STEVE: The Orestimba Wilderness is more remote and difficult to get to than many of the more popular wilderness areas in northern California. But that makes the rewards of solitude, and connection with nature even greater.
STEVE: but a few weeks ago, I saw a press release from the park. It said that a section of the Kaiser-Aetna Road will soon be opened to the public. There's a new entrance station on the southeastern edge of the park. C. L. Price is a sector superintendent for California State Parks, responsible for Henry Coe.
C. L. PRICE: The May nineteenth is the opening, and what we plan to do is have it open weekends through the summer months, and into the fall. Opening Saturday and closing Sunday night. So if somebody wanted to, say, come in and leave their vehicle and camp overnight up in the park or up towards the wilderness, they could do that. And in the winter months we plan on closing it when the rainy season is here. So the original intent was to have the facility open during the drier periods of the year. So six months and weekends, and holidays.
STEVE: Is there going to be either a small ranger station, a visitor center, or some kind of a fee collection kiosk out there at the end of the road?

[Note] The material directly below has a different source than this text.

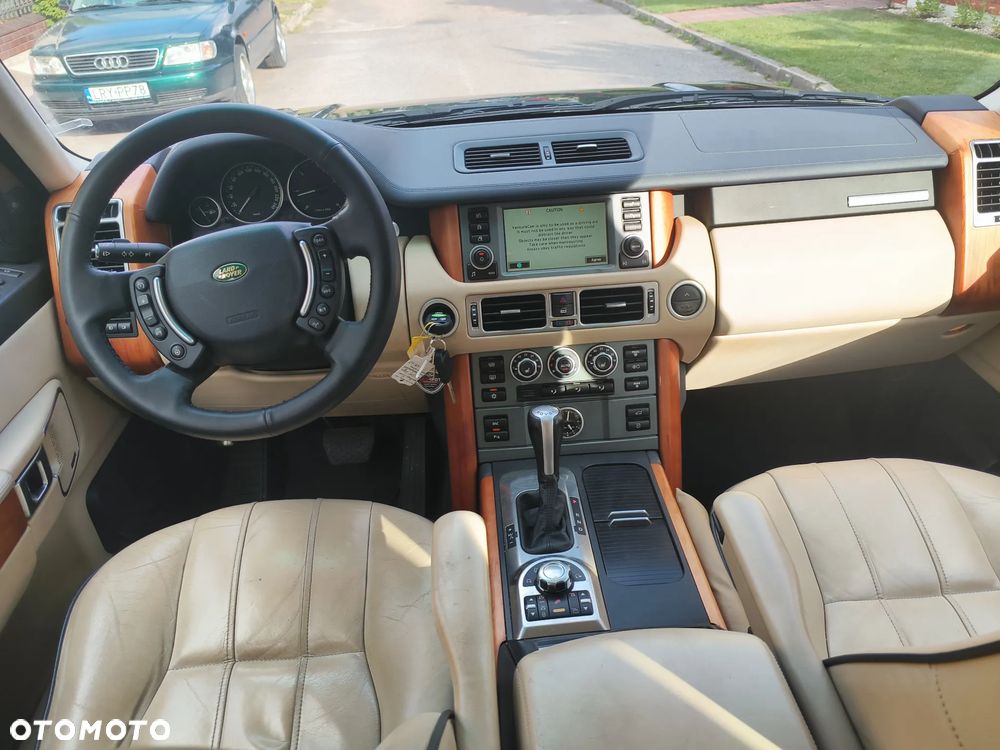 Land Rover Range Rover TDV8 Vogue - 6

C. L. PRICE: There is... We'll have that staffed with a park aid, either a visitor services park aid or a state park volunteer that will be able to give people maps or direction or guidance, or our association will hopefully have water and sodas to sell out there as well. So there's restroom facilities, parking facilities, equestrian parking, and there will be somebody to collect the parking fees, which are five dollars a day.
STEVE: In my interview with Ranger Bowers, he said that fewer than one person per week, on the average, actually makes it back into that eastern Orestimba on most years, not counting the backcountry weekend. How is this going to affect the sort of solitude of that area, do you think?

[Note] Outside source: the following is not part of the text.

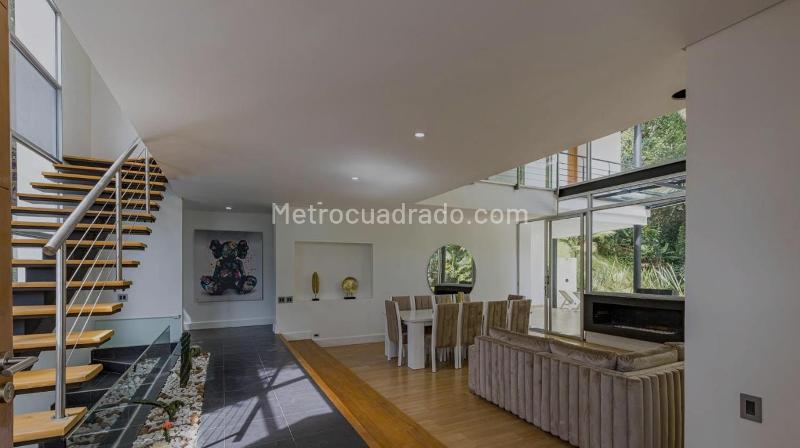 Majestic 5BR House in Altos Del Poblado - 6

C. L. PRICE: It may affect it a little, but just even with the closer location, it's going to take somebody that really wants to go to the Dowdy Ranch and park and take off on foot if they want to hike on up into the wilderness from there. So I don't think it's going to change it a whole lot... so there's still a lot of state park before you get to the wilderness area that will be accessible, more so than it has been in the past.
STEVE: What do you think about making this remote wilderness easier to access? If you've been there yourself, would you like to tell us about it? You can call our toll free comment line at 866-590-7373. You'll find links to information about the park and the wilderness, and an extended high fidelity stereo version of this show, on our web site.
STEVE: This edition was produced with funds provided by listeners like you.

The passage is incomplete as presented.